Reply: challenges of applying large language models to image-based interpretation in abdominal radiology
PDF
Cite
Share
Request
Artificial Intelligence and Informatics - Letter to the Editor
E-PUB
3 November 2025

Reply: challenges of applying large language models to image-based interpretation in abdominal radiology

Diagn Interv Radiol . Published online 3 November 2025.
1. Ege University Faculty of Medicine, İzmir, Türkiye
2. Ege University Faculty of Medicine, Department of Radiology, İzmir, Türkiye
No information available.
No information available
Received Date: 02.10.2025
Accepted Date: 13.10.2025
E-Pub Date: 03.11.2025
PDF
Cite
Share
Request

Dear Editor,

We thank our colleagues for their valuable comments1 on our study.2 Below, we address the points raised in the context of our study’s aim and design choices, and we outline potential improvements for future research.

The primary aim of our work was to provide an objective baseline assessment of a general-purpose large language model (LLM) in the most straightforward and realistic “out-of-the-box,” browser-based scenario. This approach was intentionally chosen to highlight the current limitations of model architectures and training data, particularly the absence of radiology-specific pretraining. Recent reviews3-5 have highlighted that LLMs continue to face challenges in data scarcity, coarse visual embeddings, and limited explainability, all of which contribute to difficulties in capturing subtle signal or texture patterns.

We agree that radiologists base their decisions on volumetric, multiplanar, and multiphase image series. Our study, however, was designed as a standardized and ethically safe browser-based scenario to establish a “minimum requirement” baseline. Future studies will incorporate sequential and volumetric inputs, as well as multiphase evaluation. Of course, this will require LLMs to become technically capable of ingesting larger and more complex inputs.

To isolate image-based signal interpretation, patient history was excluded, allowing us to measure the model’s pure image-based performance. In clinical reality, the integration of imaging and history is essential. Yet, as Bulut et al.6 recently demonstrated, even when clinical findings were provided, overall accuracy remained low. Although their work focused on pneumothorax detection, these results still indicate that the performance of current models remains questionable, even in a clinical context.

Moving forward, we believe improvements should include: (i) the ingestion of sequential/volumetric and multiphase data; (ii) radiology-specific pretraining and/or adapter fine-tuning; (iii) structured prompt libraries and chain-of-thought reasoning; (iv) the integration of clinical metadata; and (v) blinded multicenter studies comparing different levels of radiologist expertise. Industry collaboration will be crucial to achieving these goals.

In conclusion, although many of the limitations highlighted by our colleagues were already acknowledged in our original manuscript, we view these comments as an opportunity to expand the scope of our subsequent studies and to establish a concrete roadmap for future research.
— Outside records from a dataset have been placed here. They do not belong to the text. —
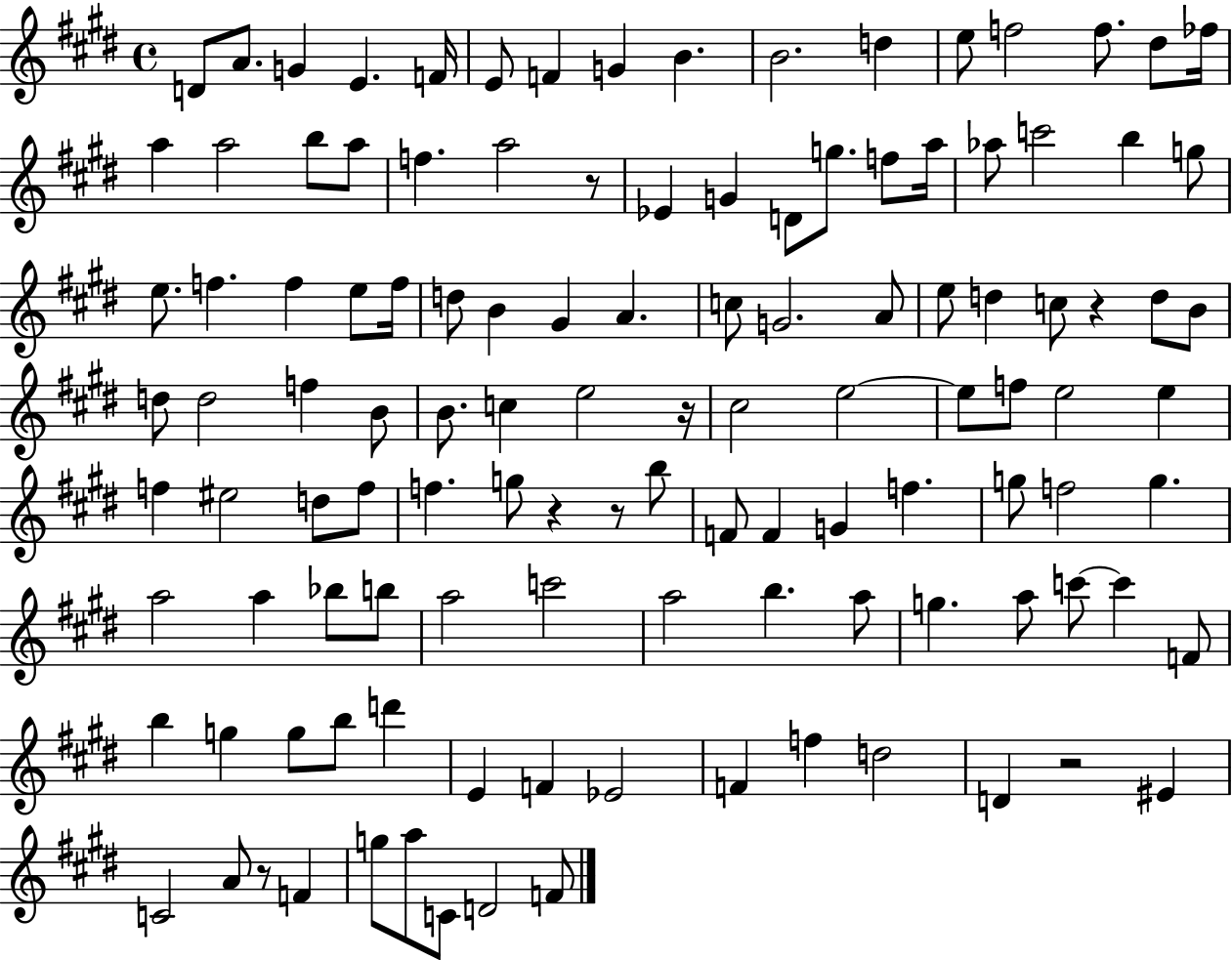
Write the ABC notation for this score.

X:1
T:Untitled
M:4/4
L:1/4
K:E
D/2 A/2 G E F/4 E/2 F G B B2 d e/2 f2 f/2 ^d/2 _f/4 a a2 b/2 a/2 f a2 z/2 _E G D/2 g/2 f/2 a/4 _a/2 c'2 b g/2 e/2 f f e/2 f/4 d/2 B ^G A c/2 G2 A/2 e/2 d c/2 z d/2 B/2 d/2 d2 f B/2 B/2 c e2 z/4 ^c2 e2 e/2 f/2 e2 e f ^e2 d/2 f/2 f g/2 z z/2 b/2 F/2 F G f g/2 f2 g a2 a _b/2 b/2 a2 c'2 a2 b a/2 g a/2 c'/2 c' F/2 b g g/2 b/2 d' E F _E2 F f d2 D z2 ^E C2 A/2 z/2 F g/2 a/2 C/2 D2 F/2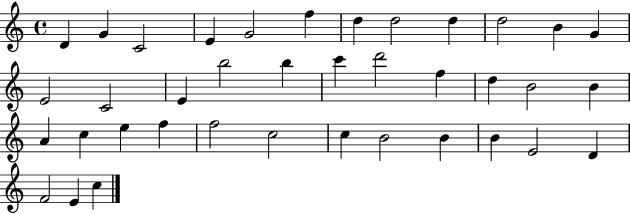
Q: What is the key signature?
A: C major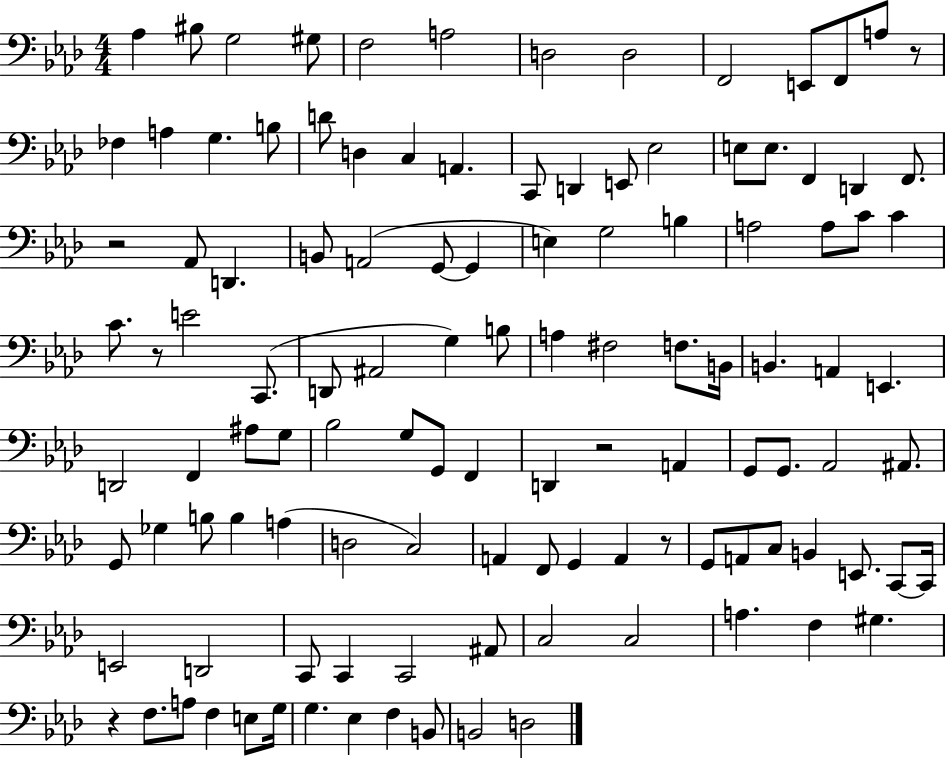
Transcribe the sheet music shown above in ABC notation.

X:1
T:Untitled
M:4/4
L:1/4
K:Ab
_A, ^B,/2 G,2 ^G,/2 F,2 A,2 D,2 D,2 F,,2 E,,/2 F,,/2 A,/2 z/2 _F, A, G, B,/2 D/2 D, C, A,, C,,/2 D,, E,,/2 _E,2 E,/2 E,/2 F,, D,, F,,/2 z2 _A,,/2 D,, B,,/2 A,,2 G,,/2 G,, E, G,2 B, A,2 A,/2 C/2 C C/2 z/2 E2 C,,/2 D,,/2 ^A,,2 G, B,/2 A, ^F,2 F,/2 B,,/4 B,, A,, E,, D,,2 F,, ^A,/2 G,/2 _B,2 G,/2 G,,/2 F,, D,, z2 A,, G,,/2 G,,/2 _A,,2 ^A,,/2 G,,/2 _G, B,/2 B, A, D,2 C,2 A,, F,,/2 G,, A,, z/2 G,,/2 A,,/2 C,/2 B,, E,,/2 C,,/2 C,,/4 E,,2 D,,2 C,,/2 C,, C,,2 ^A,,/2 C,2 C,2 A, F, ^G, z F,/2 A,/2 F, E,/2 G,/4 G, _E, F, B,,/2 B,,2 D,2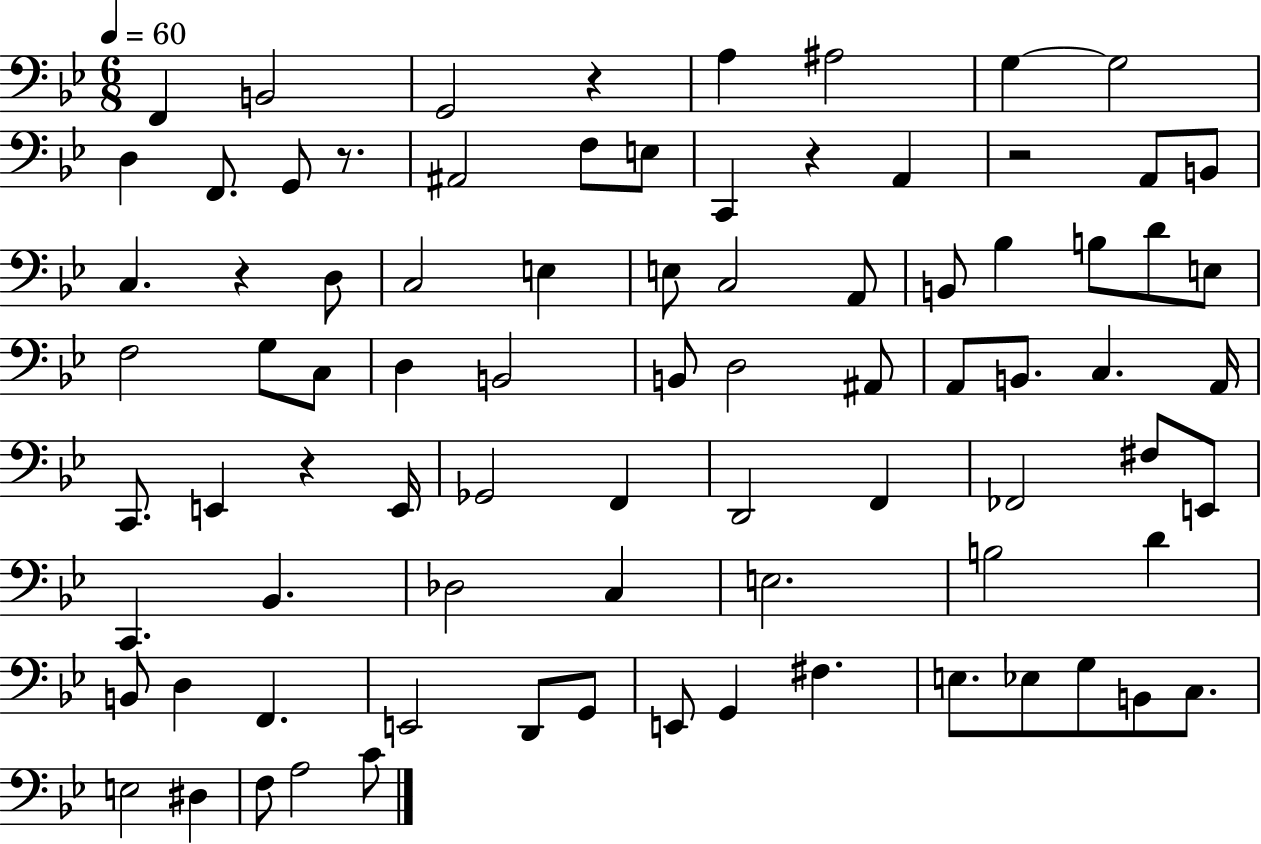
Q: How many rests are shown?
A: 6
Conflict of interest disclosure

The authors declared no conflicts of interest.

References

1
Letter to the editor: challenges of applying large language models to image-based interpretation in abdominal radiology. Diagn Interv Radiol. Ahead of Print.
2
Elek A, Ekizalioğlu DD, Güler E. Evaluating Microsoft Bing with ChatGPT-4 for the assessment of abdominal computed tomography and magnetic resonance images. Diagn Interv Radiol. 2025;31(3):196-205.
3
Nam Y, Kim DY, Kyung S, et al. Multimodal large language models in medical imaging: current state and future directions. Korean J Radiol. 2025;26(10):900-923.
4
Zhang A, Zhao E, Wang R, Zhang X, Wang J, Chen E. Multimodal large language models for medical image diagnosis: challenges and opportunities. J Biomed Inform. 2025;169:104895.
5
Lanzafame LRM, Gulli C, Mazziotti S, et al. Chatbots in radiology: current applications, limitations and future directions of ChatGPT in medical imaging. Diagnostics (Basel). 2025;15(13):1635.
6
Bulut B, Öz M, Genç M, et al. New frontiers in radiologic interpretation: evaluating the effectiveness of large language models in pneumothorax diagnosis. PLoS One. 2025;20(9):e0331962.